How cross-functional teams work
Individual members, as well as the cross-functional team itself, generally have a high level of decision-making capabilities, a characteristic that helps them move faster through projects than other types of teams could.
The cross-functional team needs to understand the problem to be solved or the objective to be met, as well as clear, defined goals.
Cross-functional team management
Despite their decision-making authority, cross-functional teams still need an appropriate level of management.
Moreover, they need management that is likewise able to work across siloed departments and put the team's success first, rather putting any one department's interests first.
Cross-functional teams are more likely to succeed when the organization puts in place strong governance with high-level leadership that oversees its progress and its ability to meet milestones, as well as holding accountability for its success.
This high-level leadership could be a single executive or a multiple leaders from the functional areas represented on the team itself.
This management level needs to ensure the team has clear goals along with realistic schedules and adequate resources to accomplish its objectives -- mirroring the requirements of what any other type of project team needs to fulfill its mission.

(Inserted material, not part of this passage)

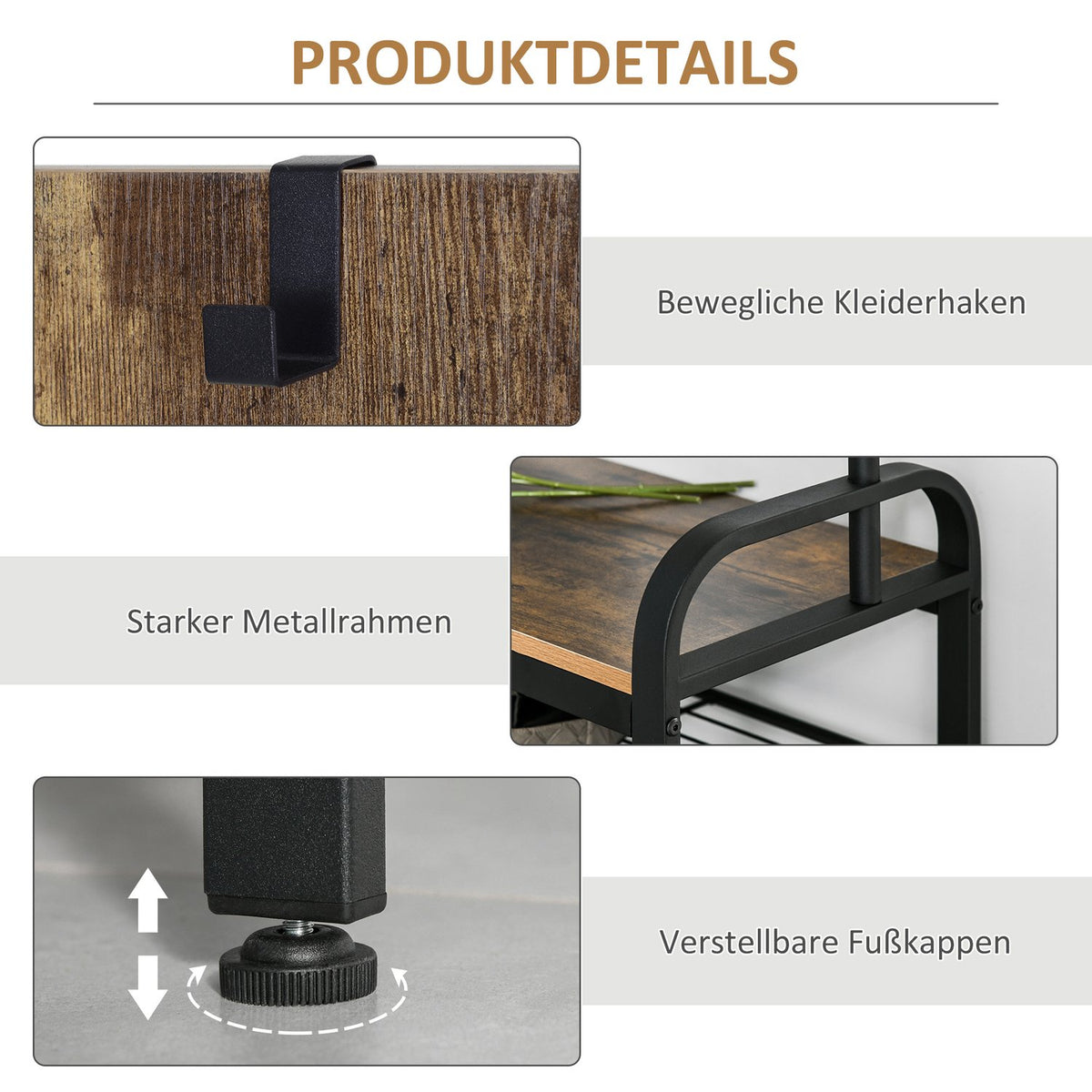 Coat rack with shoe rack, clothes rack, 8 hooks, 2 shelves, MDF, black, 72 x 34 x 185 cm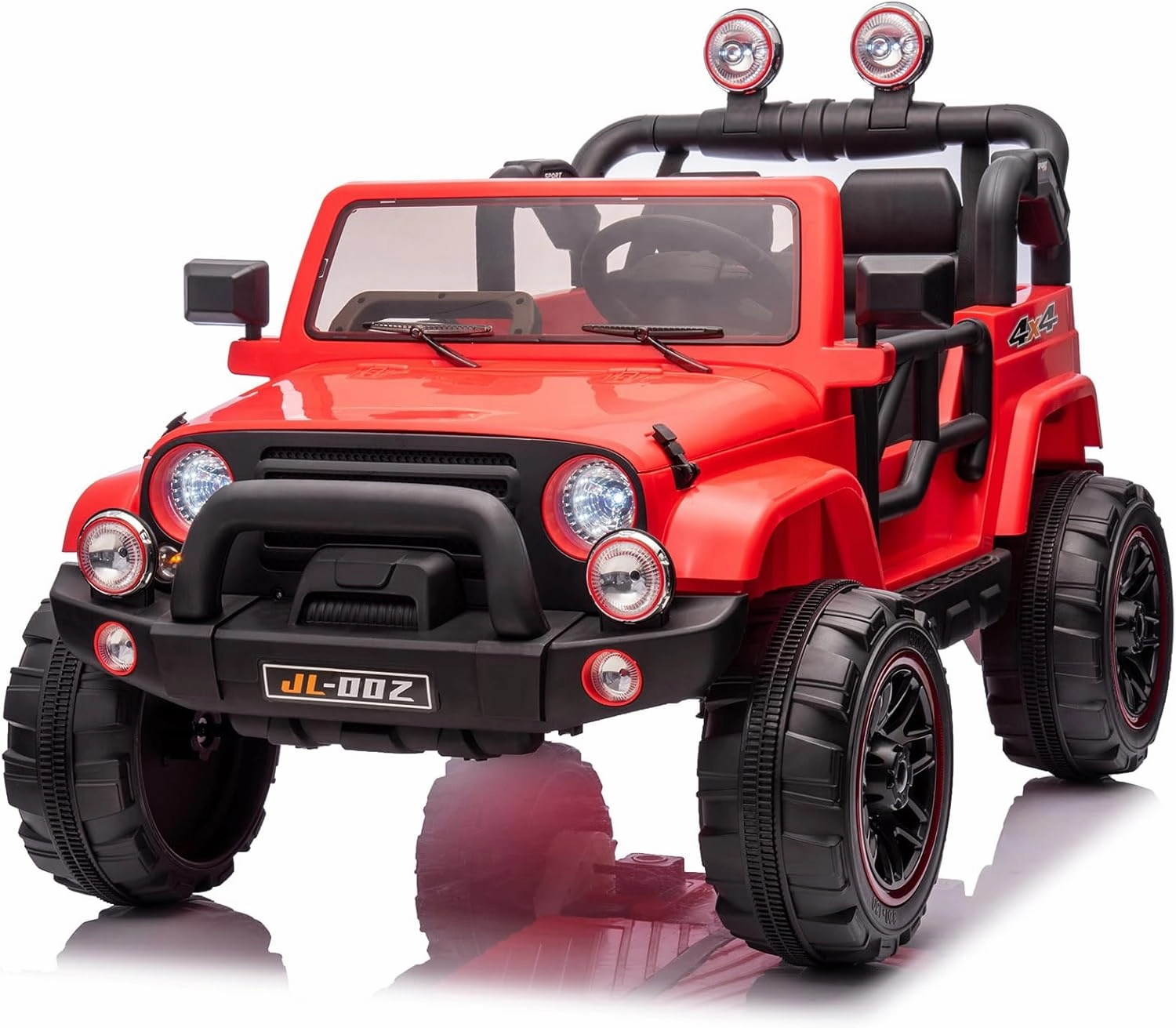 JOYLDIAS 2-Seater Ride On Truck and Car Cover, 12V7AH Battery Powered Toys Car for 2 Kids with Remote Control, Music, MP3, Bluetooth, LED Lights, 3 Speeds, Spring Suspension for Boys and Girls, Red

Necessary policies and components
In addition to appropriate levels of high-level management and governance, management experts list several other key components needed to ensure cross-functional teams succeed.

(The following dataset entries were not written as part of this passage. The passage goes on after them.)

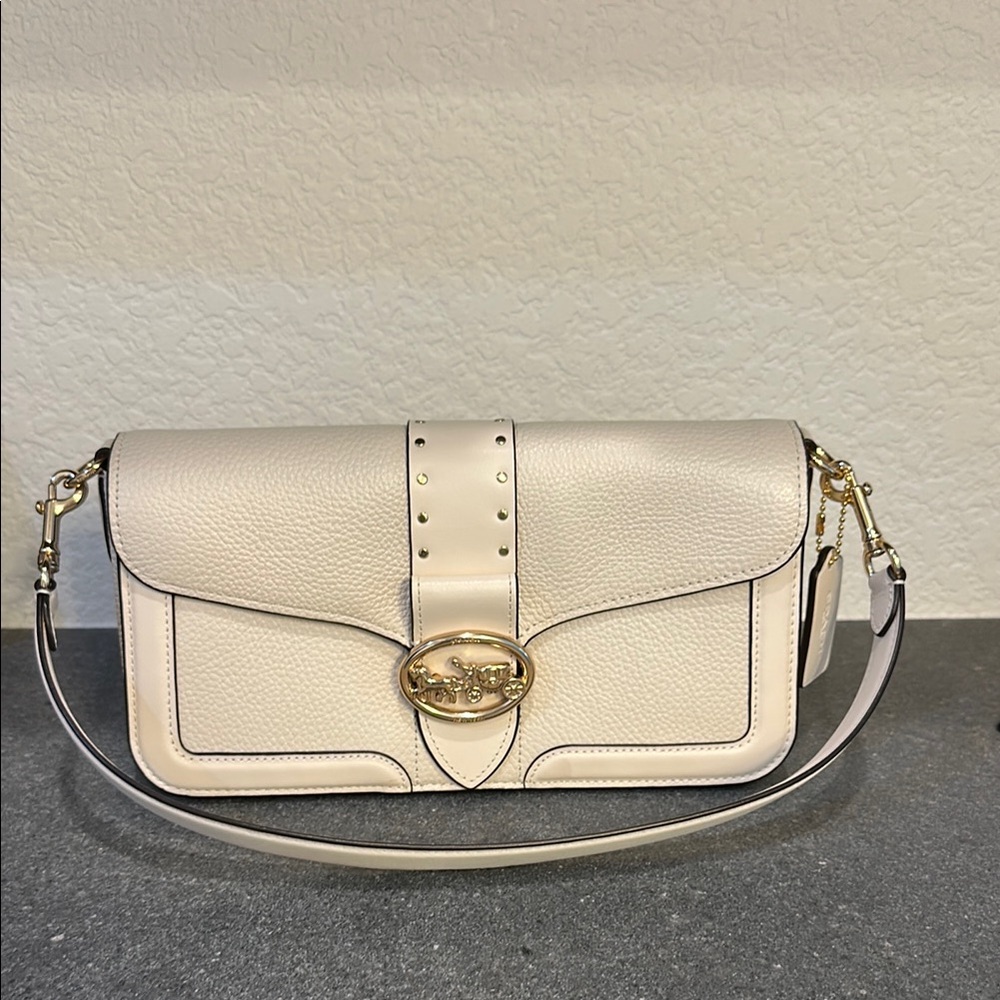 Coach Cream and Gold Structured Shoulder Bag with Polished Hardware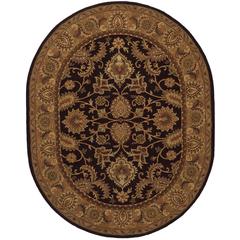CLASSIC, EGGPLANT / GOLD, 7'-6" X 9'-6" Oval, Area Rug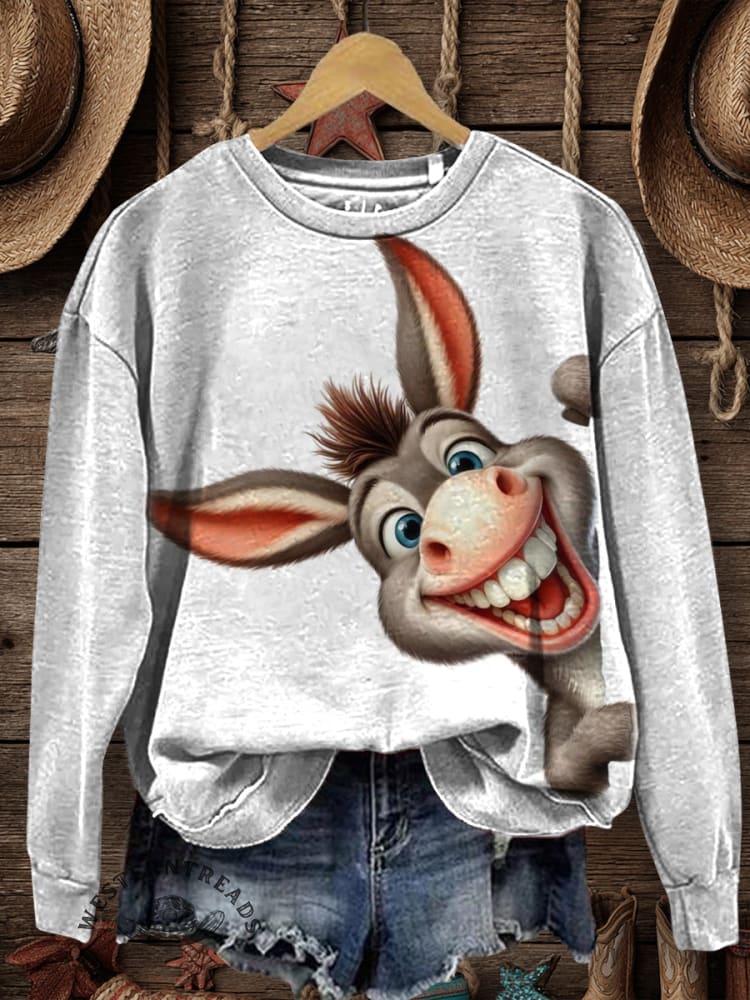 Funny Donkey Art Print Casual Cotton Sweatshirt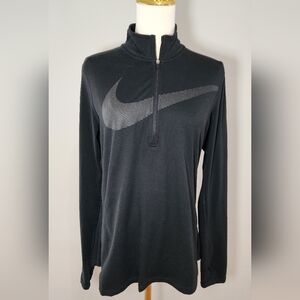 Nike Dri-Fit Running Shirt Reflective Half Zip Black Athletic Activewear Size M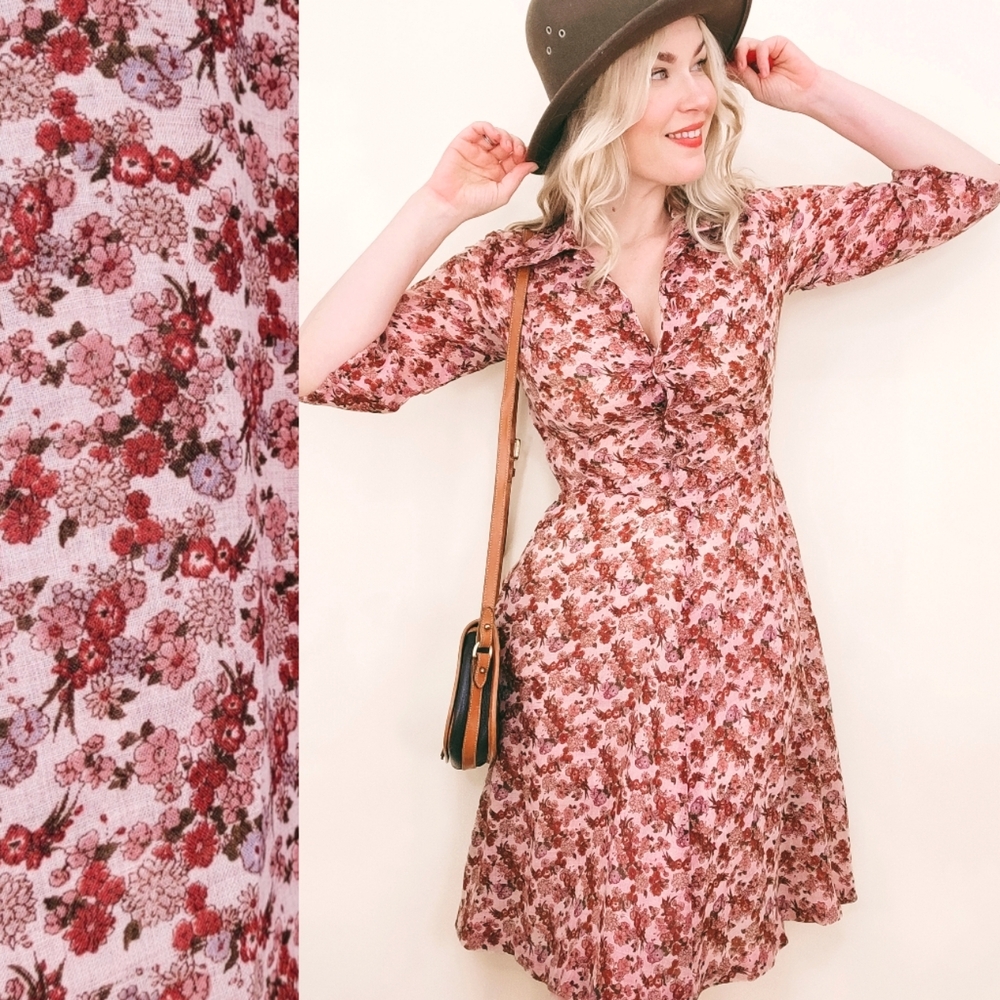 70s Vintage Calico Floral Light Pink Notched Collar 1970s Handmade Midi Dress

These teams need to understand not just the project's goals and objectives, but have clearly delineated project scope -- again, a requirement that mirrors what all projects need to succeed.
They also need to have strong communication skills among team members so they can break down functional siloes, yet still effectively convey the perspectives and requirements of their respective professional areas of expertise and functional areas.
These teams also need to have adequate autonomy and an independent decision-making process to move the project forward. They also need to have adequate authority over required resources so they can access those resources when and how they're needed to reach the team's stated objectives.
Pros and cons
Proponents of using cross-functional teams list multiple benefits for organizations that use them. Those include the following:
- Improved problem-solving and faster decision-making, both of which lead to the development of a better product more quickly;
- Increased innovation;
- Higher capacity to respond to changing market conditions and requirements, due to the team's decision-making capabilities; and
- Better alignment to overall organizational goals, as cross-functional teams break down departmental self-interests to focus on a common objective.
On the other hand, cross-functional teams can be prone to failure when they're not appropriately staffed and managed. Like all projects without the right staffing and oversight, failed cross-functional team projects waste time and resources and, thus, can create division within an organization, as well as put the organization at a competitive disadvantage by failing to deliver on its objectives.